Art 1 teacher Valento Mennsfield grades his student’s art pieces. This is Mennsfield’s first year working as an art teacher at a high school.

Eight-year-old Valento Mennsfield always wanted to emulate his father. He found his father’s work ethic to be his best quality. One night, Mennsfield curiously walked into the living room to find his father sitting in front of the dimly lit television, sketching something on a big yellow notepad. As he neared his father, he realized it was a self-portrait from when he was in the military. That’s when Mennsfield found a genuine love for art.

Mennsfield has been an art teacher for 13 years and began teaching at the high school level this year. Although Mennsfield found his passion for art at a young age, he initially wanted to become a Department of Public Safety officer like his best friend’s father. 

“My best friend’s dad was a DPS officer, and I was fascinated by his work,” Mennsfield said. “I was very into being a law enforcement officer. When I was in college getting my art degree, I honestly didn’t know what it was that I was wanting to do, but then I decided that art was what I wanted to pursue.”
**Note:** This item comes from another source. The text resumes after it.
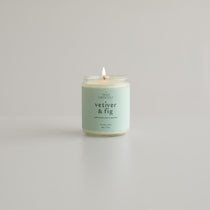 Vetiver & Fig Soy Wax Candle Lit on a White Background - Hand-Poured in Boulder, Colorado, with Non-Toxic Ingredients for a Sustainable Home Fragrance Experience.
Before teaching at Hebron, Mennsfield worked simultaneously as an art teacher at Vivian Field Middle School and a football coach at R.L. Turner High School. 

“I was actually very excited to be both an art teacher and a coach,” Mennsfield said. “I got my first teaching job in Carrollton in the district that I graduated from. My art teacher from high school was basically my boss, and she knew how passionate I am about art and sports, so she called me up to offer me both positions, and I accepted both jobs with open arms.”

Mennsfield said he prefers working at the high school level because of how simple it is for him to form connections with his students because they are more mature than his middle school students.

“I honestly have always wanted to teach at the high school level,” Mennsfield said. “Starting out at the middle school [level] really helped groom me to begin working here. Being at the high school, I communicate better with my students.” 

Mennsfield takes pride in being an African American art teacher and wants to inspire minorities to connect with art the way he does. 

“I haven’t really seen many African American male or female art teachers,” Mennsfield said. “Being a minority art teacher says a lot; being able to express myself and show other young minorities they can do this themselves means a lot to me.”

Mennsfield said the most important part of his job is to form meaningful connections with students. 

“I try to keep myself pretty transparent so my students can fully understand me; I’m just like them except older,” Mennsfield said. “I get where my students are coming from when they don’t take this class seriously; I get that everybody here doesn’t have the same goal. I want to get my students to make this art class personal to them. I want them to make the most out of the 18 weeks they’re in this class.”